** WHAT IS REQUIRED **
Give the listing again character for character, but drop the images.

** DATA PROVIDED **
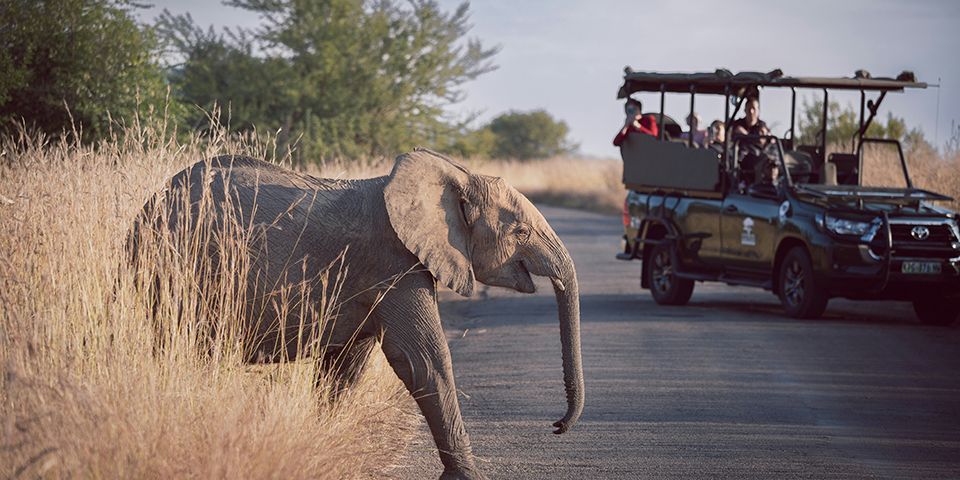 Safaris au Pilanesberg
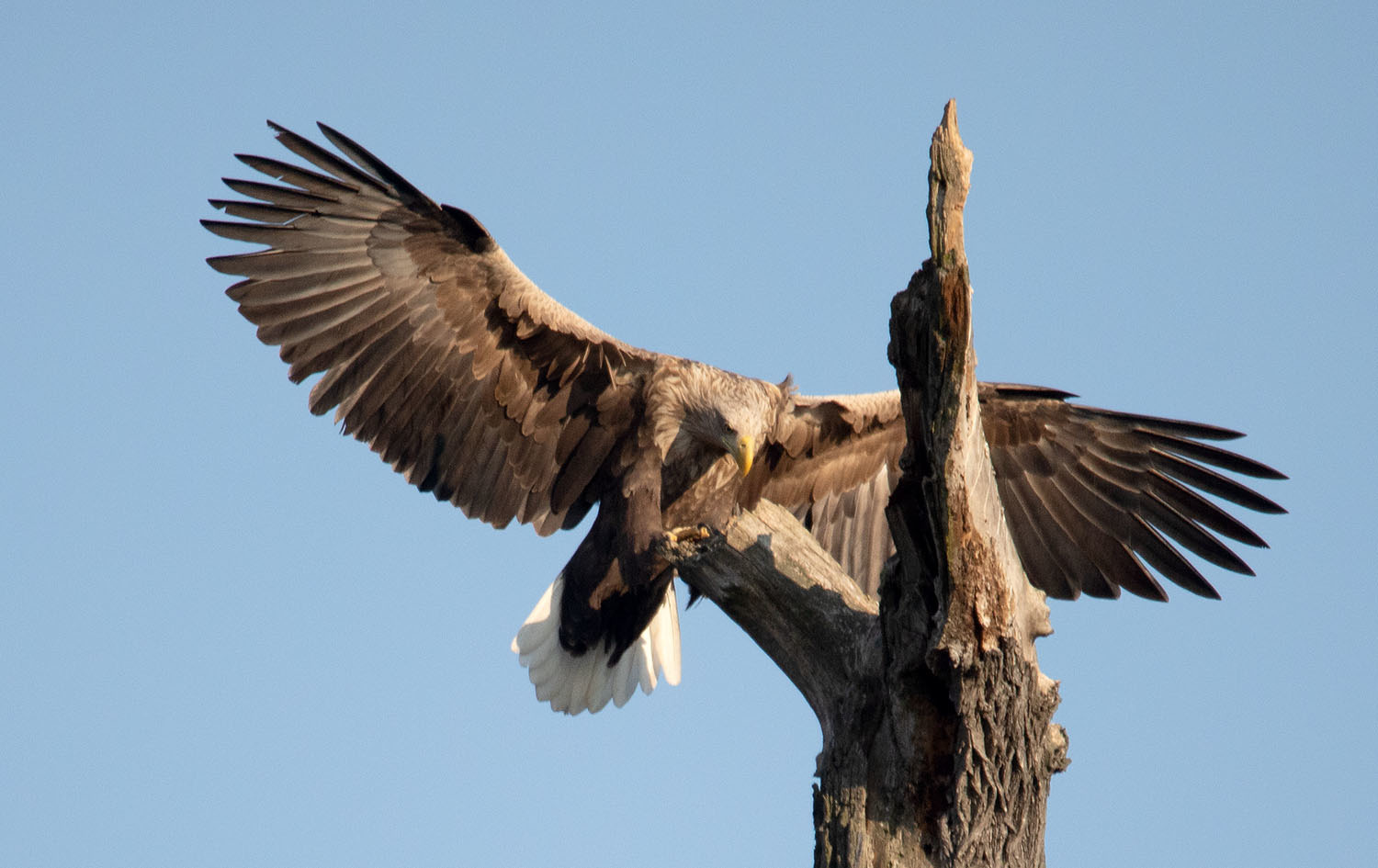 Pause, gleich hab ich es geschafft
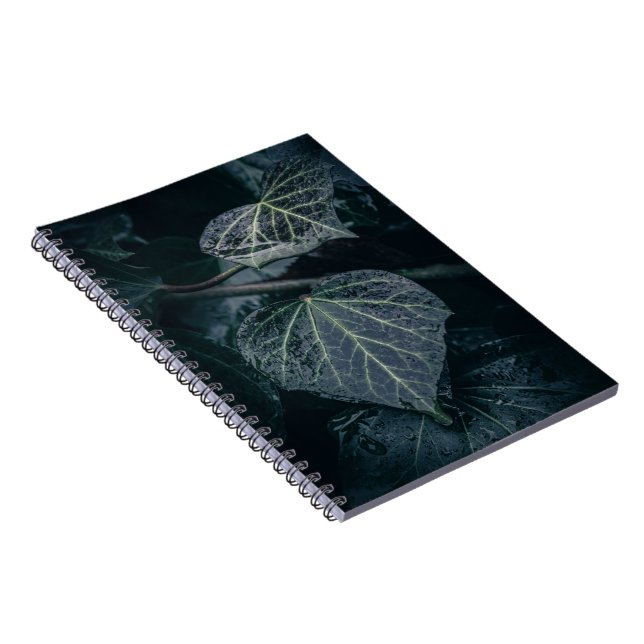 Cuaderno Foto de Moody Ivy Nature (Lado Derecho)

** WRITTEN SOLUTION **
 Safaris au Pilanesberg
 Pause, gleich hab ich es geschafft
 Cuaderno Foto de Moody Ivy Nature (Lado Derecho)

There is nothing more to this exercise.